La Serre de la Madone is the garden made in the South of France by Lawrence Johnson of Hidcote fame. I knew of the existence of this garden many years ago and first visited when it was under restoration and little known, but I was happy to go and see it again.
The setting is superb, a deep valley on the outskirts of Menton with a picturesque mountain backdrop. On its terraces there are still vestiges of the planting that must have been there when Johnson bought the farmhouse and adjoining land in 1924. Ancient Carob and Olive trees grow amongst the exotics he brought to make his garden in the benign climate of Menton.

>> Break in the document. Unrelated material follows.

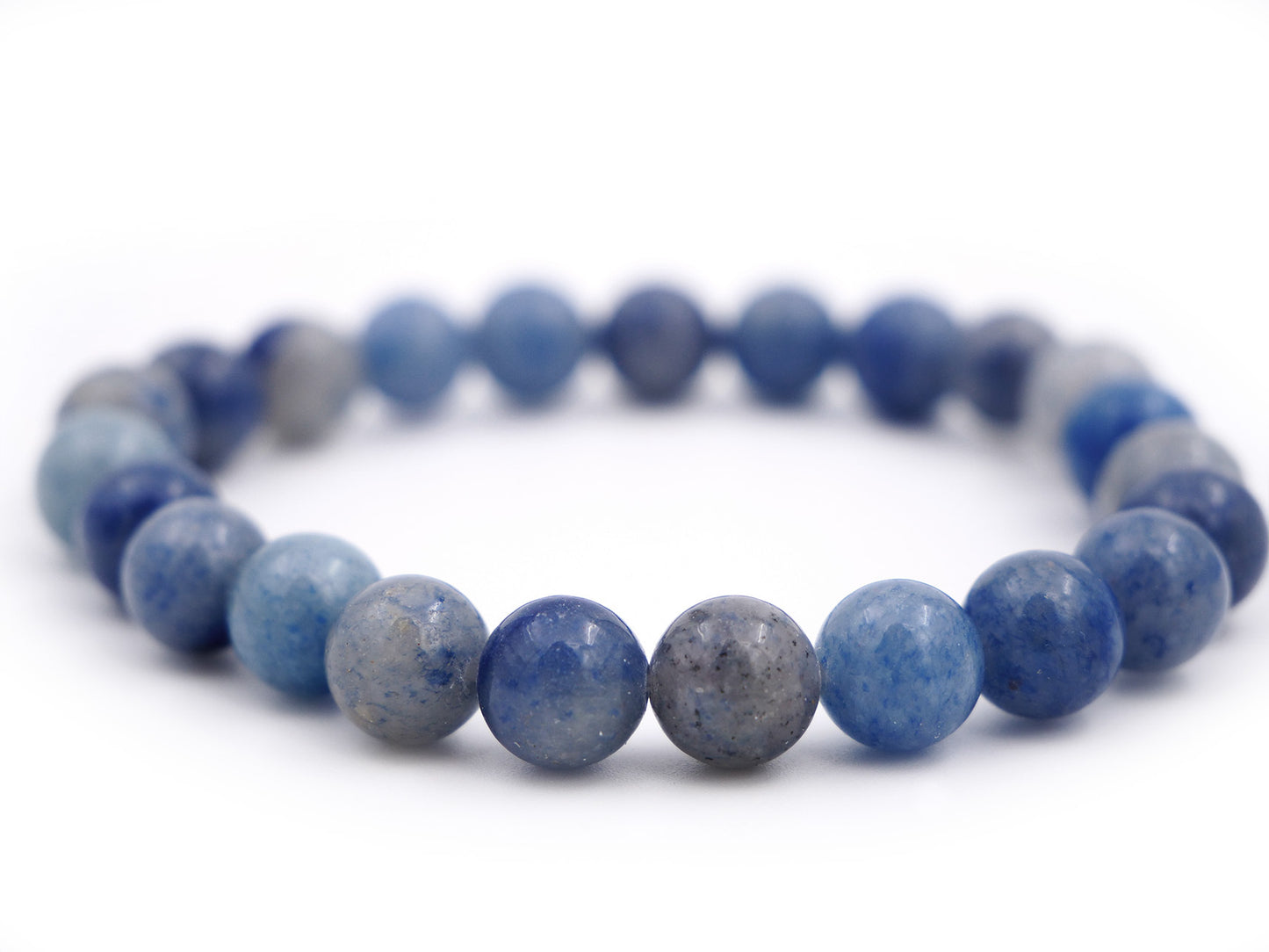 Bracelet en quartz bleu - 8mm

As with Hidcote, the garden has a theatrical air, the grand formal pools centre on the double staircase that leads up to the house. At each terrace level, paths branch off on either side, and the borders are filled with botanical rarities from all parts of the world.

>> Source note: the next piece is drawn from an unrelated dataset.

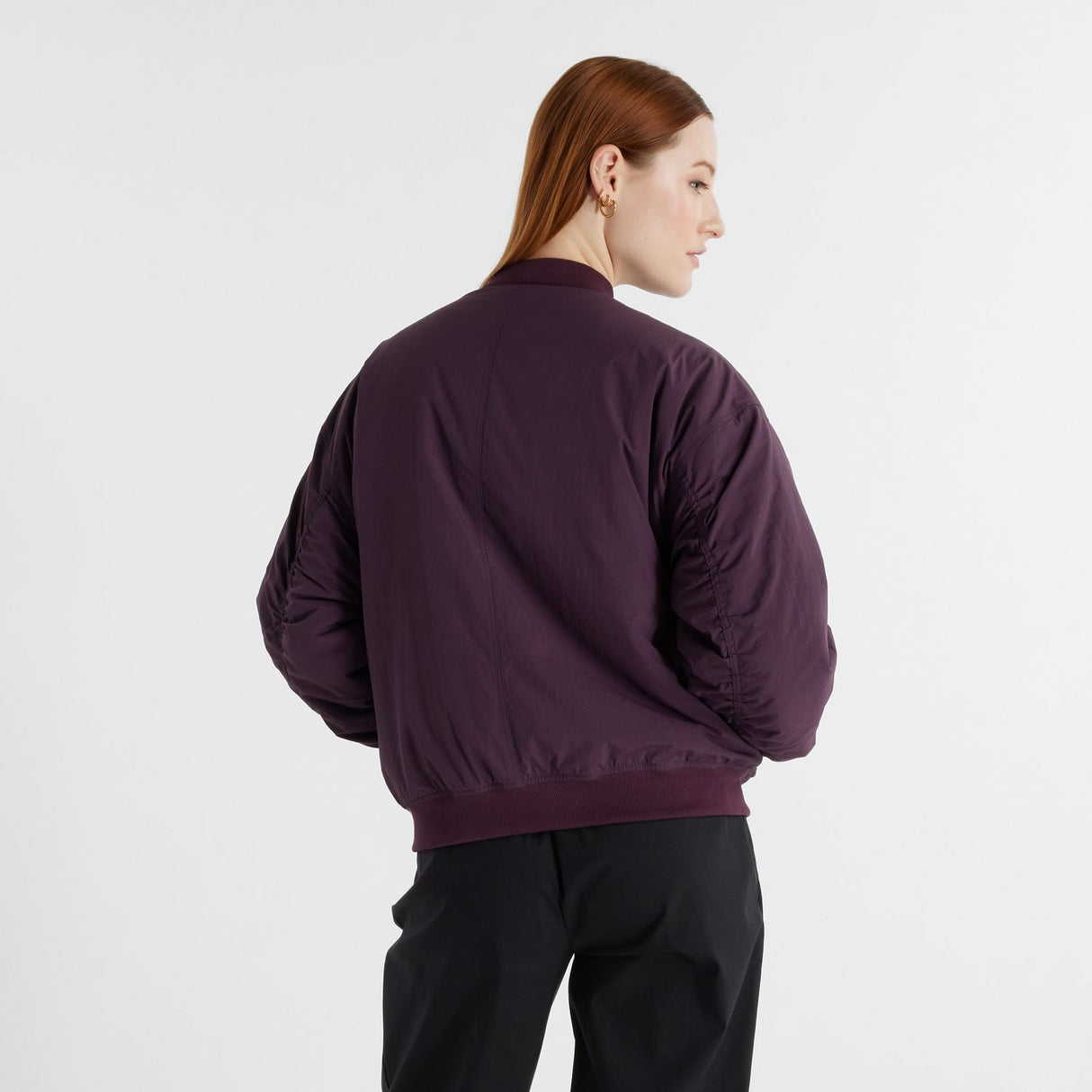 New Balance Women's Linear Heritage Woven Bomber Jacket-5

The garden is now managed by the Conservatoire du Littoral and has many visitors, but still holds much of its original charm. The only element that I felt was sorely missing is that the original water channels that irrigated the garden are no longer working and sadly many of the little fountains and pools are dry. I hope they will reinstate these, they are such an essential part of the garden.
From the house there are wonderful views, down over the garden and beyond to the mountains. To one side there is an enclosed Moorish patio with an aviary and a pond of exotic waterlilies. A grand flight of steps leads up out of this garden into the forest beyond and it is tempting to wonder whether Johnson made an informal part of the garden here, as he had done at Hidcote – but if he did, it is now closed off to the public.